Things didn’t exactly go as planned.
Initially the offense clicked as expected, but defense started spectacularly bad. Lowly Wyoming threatened in week one, taking NU to the task at 8.1 yards per play in a 37-34 scare. After leading #16 UCLA 21-3 midway through the second quarter, the Huskers allowed 38 unanswered points to lose in a 41-21 embarrassment. And even in a 59-20 win, NU still allowed 6.9 yards per play to South Dakota State (at an alarming 6.0 yards per rush and 8.2 yards per pass).
Martinez got hurt. Freshman Tommy Armstrong Jr. and senior third-stringer Ron Kellogg III took over against South Dakota State and held serve decently. Nebraska ground out a win over Illinois, blasted Purdue, and escaped Northwestern. Martinez returned for Minnesota but was clearly not 100%, and Minnesota stole an upset win . . . and Martinez never again took the field.
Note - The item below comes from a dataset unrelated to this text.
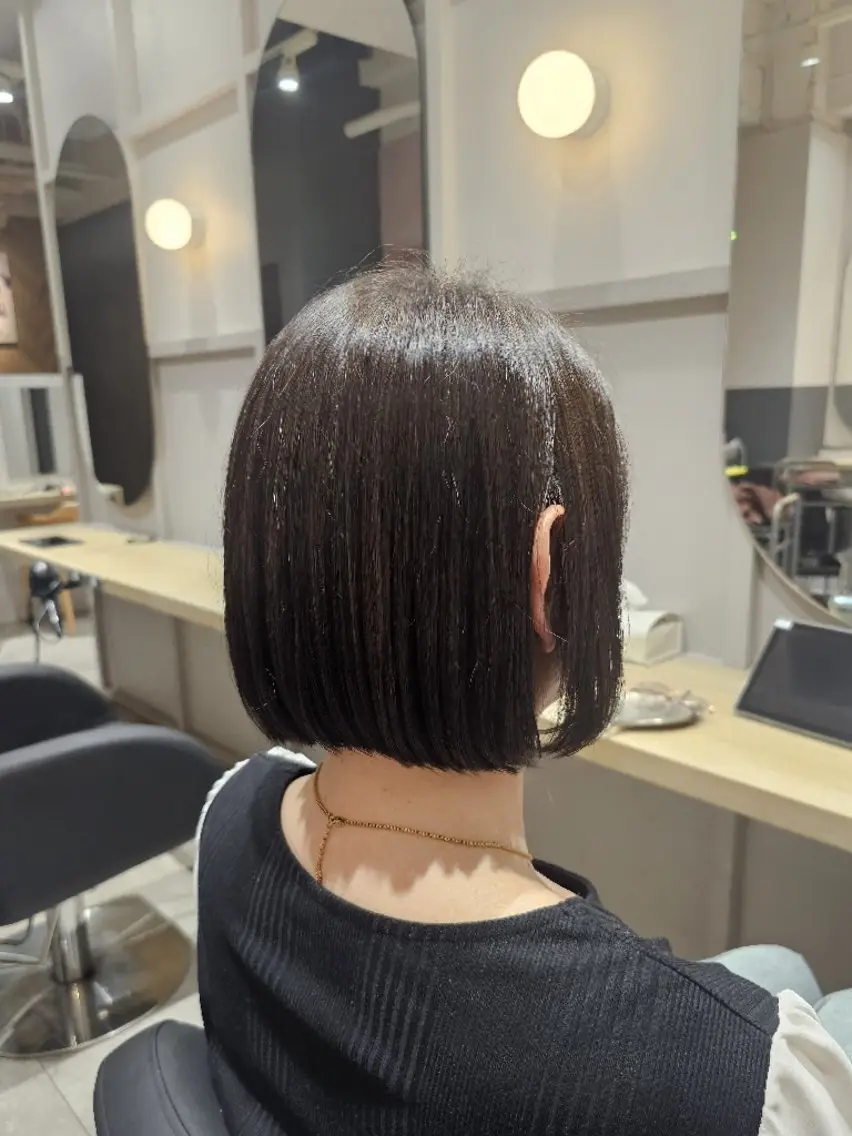 ミディアム ボブ カット ヘアカラー 🍀☘️阿部 誉叶☘️🍀のヘアスタイル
Nebraska needed a miracle to beat Northwestern, and a last-minute score to beat a Michigan team that couldn’t run the ball. Michigan State turned five Husker turnovers into 24 points in a 41-28 game that Nebraska actually managed to keep pretty close until late. NU escaped Penn State in overtime and got blasted at home by Iowa. Pelini practically begged the university to fire him. They didn’t.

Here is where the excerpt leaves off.